In addition to the Mitsva of eating Matsa during Pesah, it is strictly forbidden to eat or possessing any food that is or contains Hamets. Why? Beyond the well-known historical reasons, our redemption was so hasty that there was no time to loss, our Rabbis saw in Hamets, the fermentation process that raises the dough, a very meaningful representation. Our rabbis compared Hamets with arrogance and vanity: the dough that raises by itself, with the individual who allows his ego to grow and expand. Arrogance, like Hamets, is simply air, an illusory inflation of the ego.
But why should we think about arrogance vs. humility specifically during Pesah? Because not everyone is at risk of becoming an arrogant individual … A Jewish slave in Egypt, for example, could not afford to be full of himself. The risk of excessive pride is only relevant for a free man. And on Pesah, when we celebrate our freedom from physical slavery, we should have in mind that as free individuals, we could easily fall into a different kind of a mental self-slavery: an addiction to the inflatable aspects of our ego, the “psychological Hamets”.
Modern society, in its tireless efforts to transform us into loyal consumers, contributes greatly to the growing of our ego. By teaching you, very often to be more narcissistic, more self-centered and more hedonistic. It persuades you that you deserve to have not only everything you need, but also everything you want and everything you wish. And if you are wealthy enough to afford it, you can easily become haughty.
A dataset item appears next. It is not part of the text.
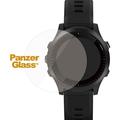 PanzerGlass Universele Smartwatch Screen Protector - 34mm - Helder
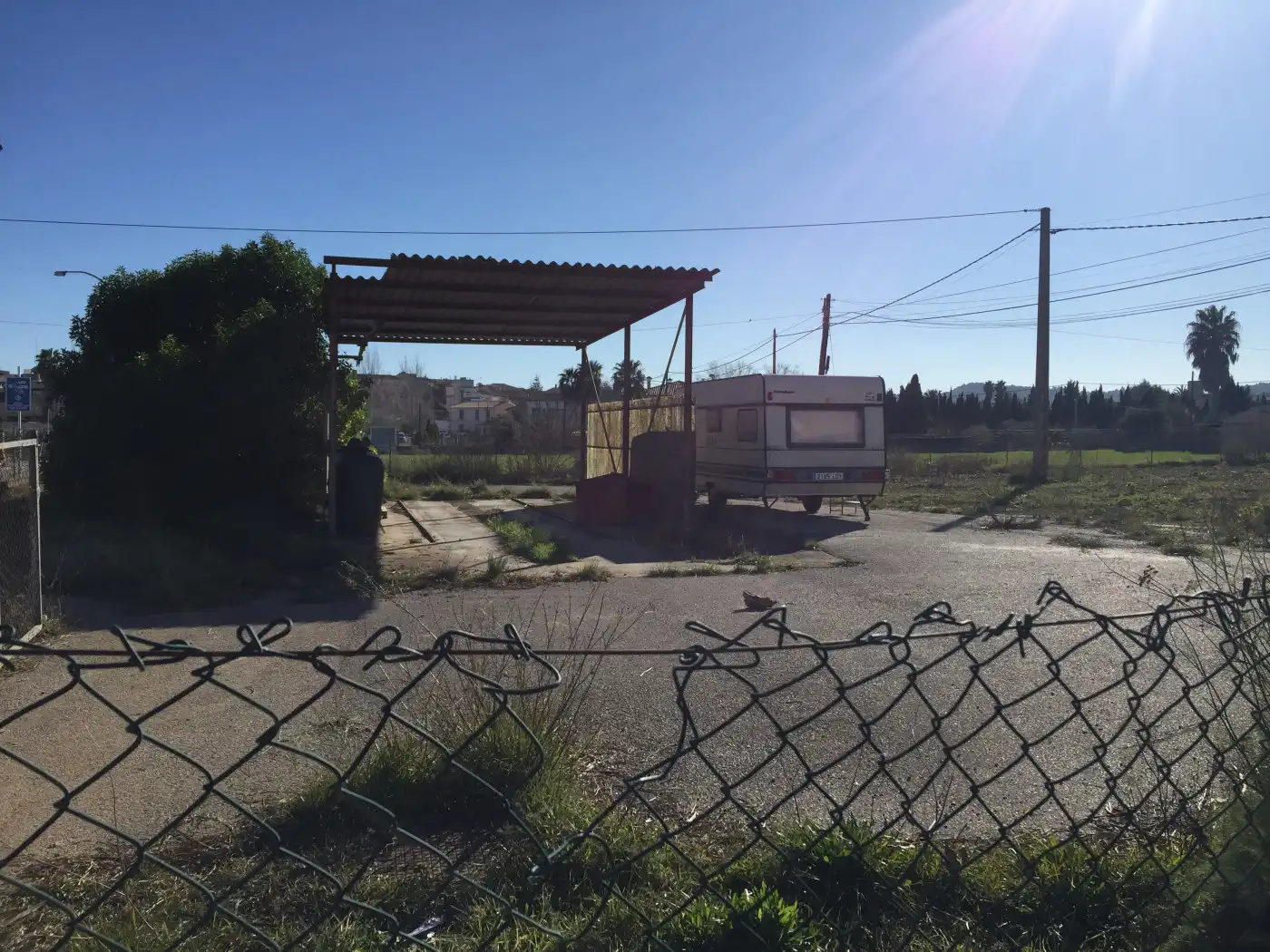 Terrenys i solars en venda a Porreres, imagen 2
Feeling that you ARE more than others, because you HAVE more than others.
The Matsa, a flat and unpretentious bread, represents humility. Humility does not mean humiliating myself. Being humble means understanding the true dimension of human life, becoming aware of our inescapable mortality, and recognizing that we are totally God-dependent. Humility is also the essence of self-esteem. Loving yourself, and accepting yourself, is a prerequisite to be at peace with yourself. The arrogant lacks this inner peace. He is insecure. He needs a permanent public praise and applause. He seeks approval, sometimes desperately, in order to compensate for his incapacity to accept his own failures and mistakes.
Only the humble individual, the person who does not need seeking the applause of those around him to feel better, is truly free, independent. The humble man is able to admit his mistakes without risking the collapse of his ego. Thus, the humble person is capable of changing and constantly improving. The arrogant person, on the other hand, is psychologically incapable of admitting mistakes, and therefore lacking the ability of change. And since he is not able to correct himself, he ends up adapting (= enslaving) himself to his shortcomings. Arrogance is a tyrant Pharaoh, who condemns our personality to stagnation.
Our Hakhamim explain that arrogance, this mental Hamets, is the main barrier between man and his neighbor. While the humble person knows that every human being deserves dignity and respect and has the right to be heard and understood, the arrogant individual becomes a servant of his own inflated reflection. Arrogance is an silver layer behind a glass, which only allows us see our own image.
Finally, and most importantly, arrogance is also the main barrier between man and God. The proud person cannot conceive “serving God”, rather he expects to “use” God for his or her own benefit. Our Rabbis asserted that from the perspective of an arrogant man: “there is no place in this world for him and for God”. What does this mean? If the reality of this existence is a circle, someone or Someone, must be in the center. In the center of the circle, there is no room for two. The arrogant person lives in the center of his illusory reality, and displaces God to the periphery of the circle. Can you worship God when YOU are in the center?
The most important goal in the life of a Jew is reaching this level of humility: recognizing that HaShem is in the center, and live his or her life accordingly. This is a nothing short of an impossible mission for the haughty individual…
Pesah is an intensive lesson in humility. In the same way we eliminate every crumb of Hamets from our homes, we must erase all traces of vanity from our hearts.